*Raw data*
'''
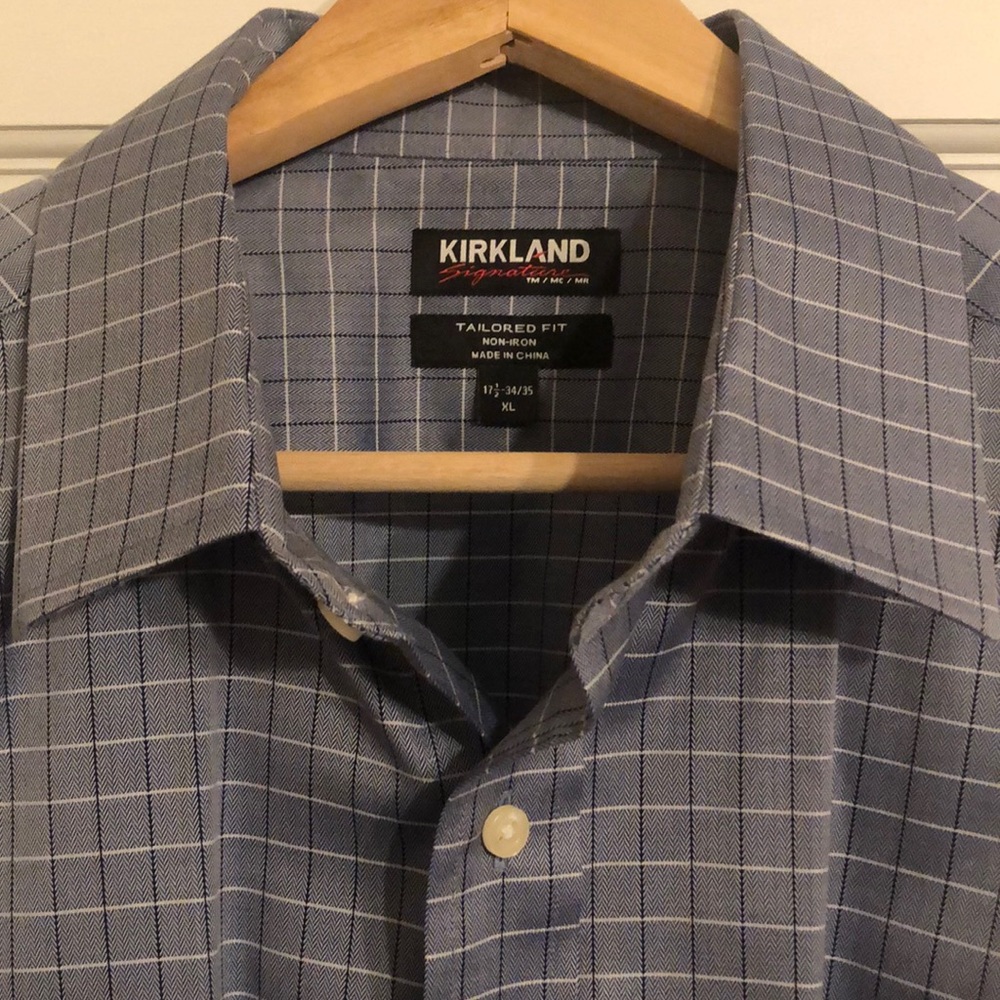 Men’s XL Kirkland Signature dress shirt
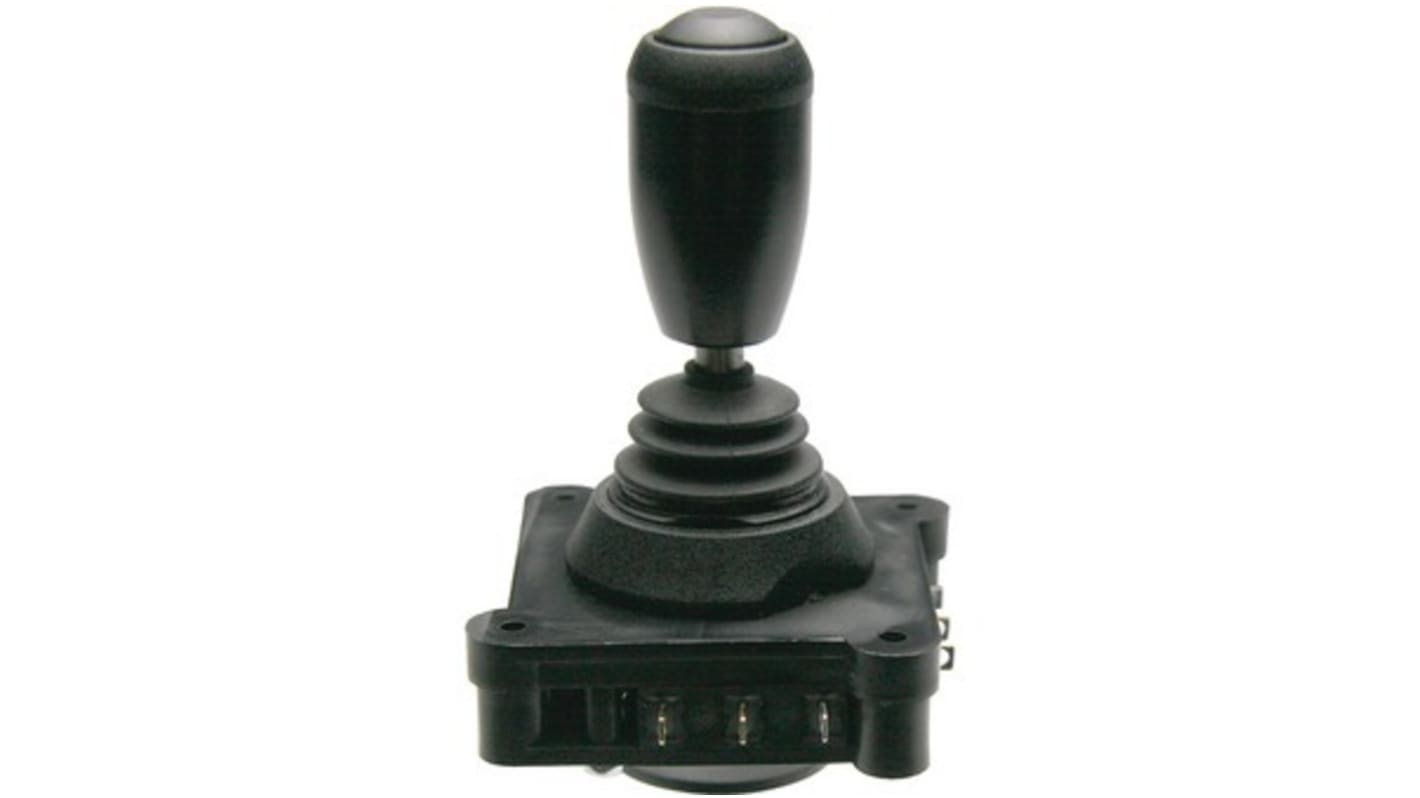 Interruttore joystick APEM 1D16M1500, tenuta IP67, assi 2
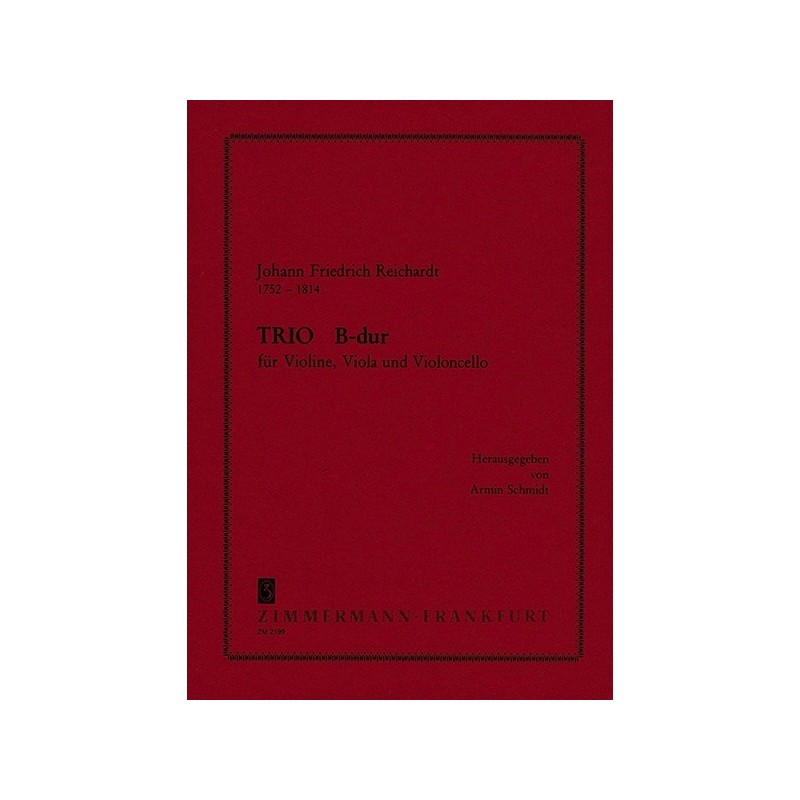 Trio B-Dur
'''
Leaving the pictures aside, write out only the lines from the one containing "Interruttore joystick APEM" through the end of the material, exactly as they stand.

 Interruttore joystick APEM 1D16M1500, tenuta IP67, assi 2
 Trio B-Dur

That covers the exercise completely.